- [The records]
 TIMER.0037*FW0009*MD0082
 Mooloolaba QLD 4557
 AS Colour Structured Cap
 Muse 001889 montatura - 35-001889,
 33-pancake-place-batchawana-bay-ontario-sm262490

--

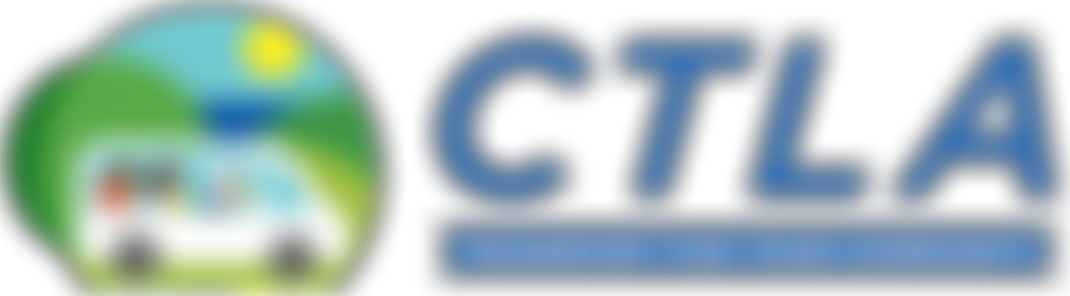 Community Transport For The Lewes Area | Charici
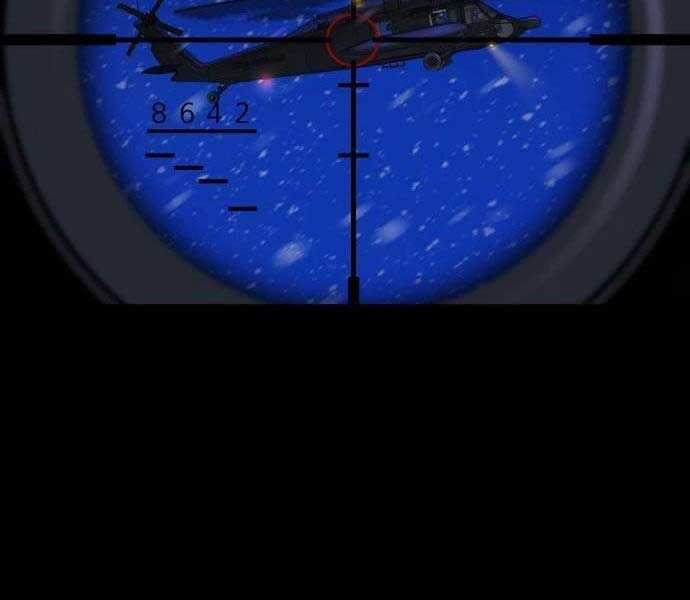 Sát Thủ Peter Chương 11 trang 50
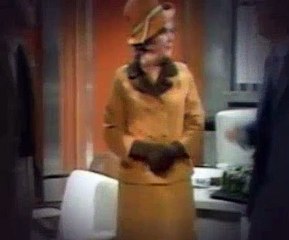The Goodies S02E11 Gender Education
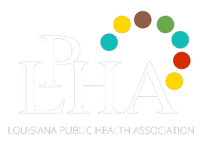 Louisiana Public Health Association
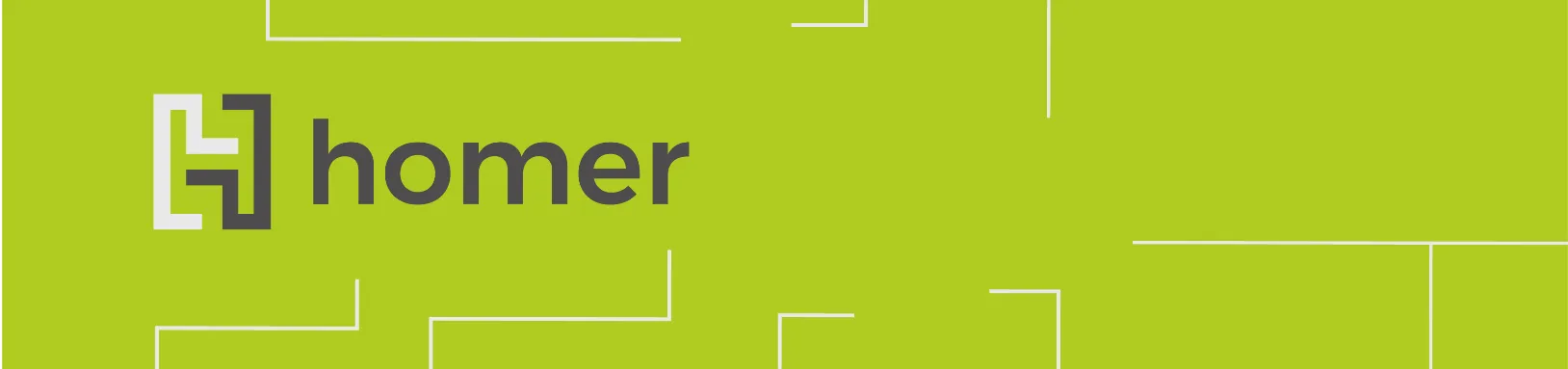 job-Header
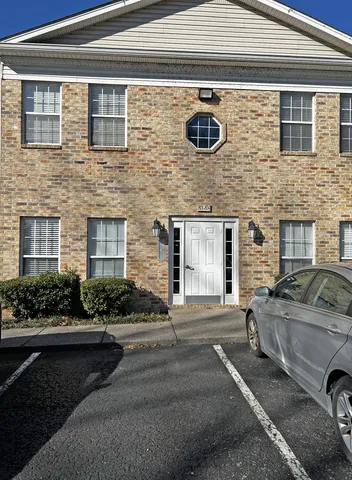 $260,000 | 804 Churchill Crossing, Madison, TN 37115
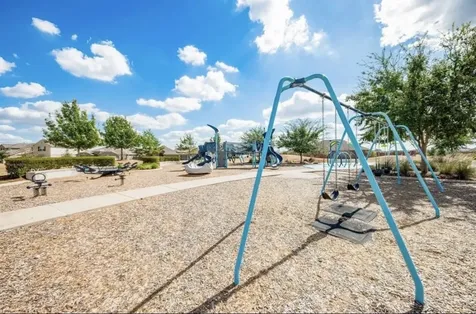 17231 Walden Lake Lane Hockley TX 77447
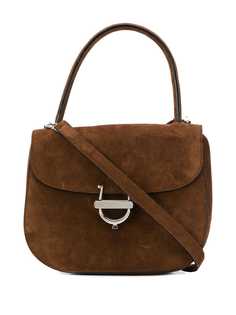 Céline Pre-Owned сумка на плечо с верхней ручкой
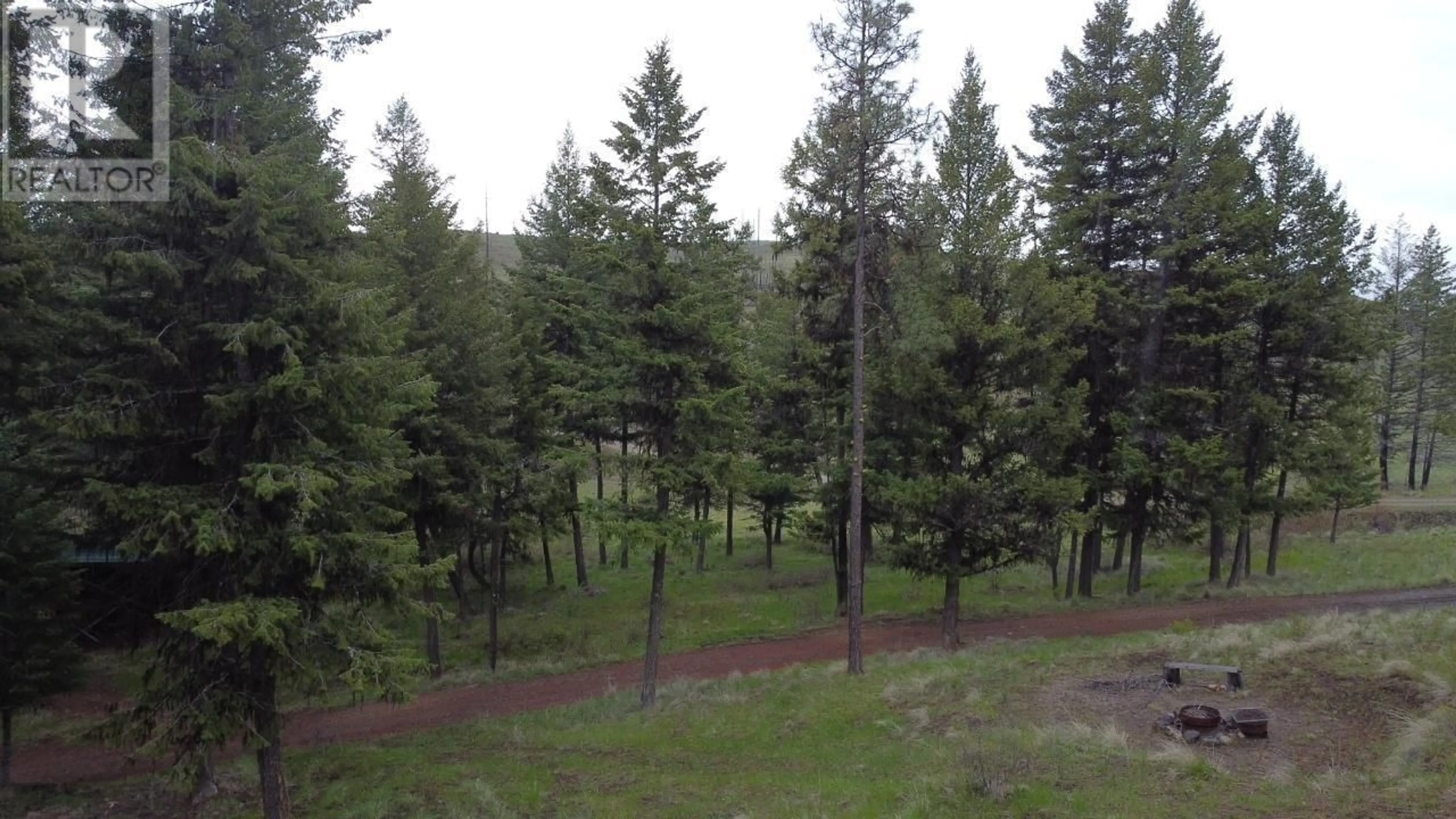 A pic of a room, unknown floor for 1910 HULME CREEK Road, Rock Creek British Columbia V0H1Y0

- [The problem] Where the line holding "AS Colour Structured Cap" appears in the listing above, start reproducing exactly, and end with the line holding "33-pancake-place-batchawana-bay-ontario-sm262490".

- [Answer]
 AS Colour Structured Cap
 Muse 001889 montatura - 35-001889,
 33-pancake-place-batchawana-bay-ontario-sm262490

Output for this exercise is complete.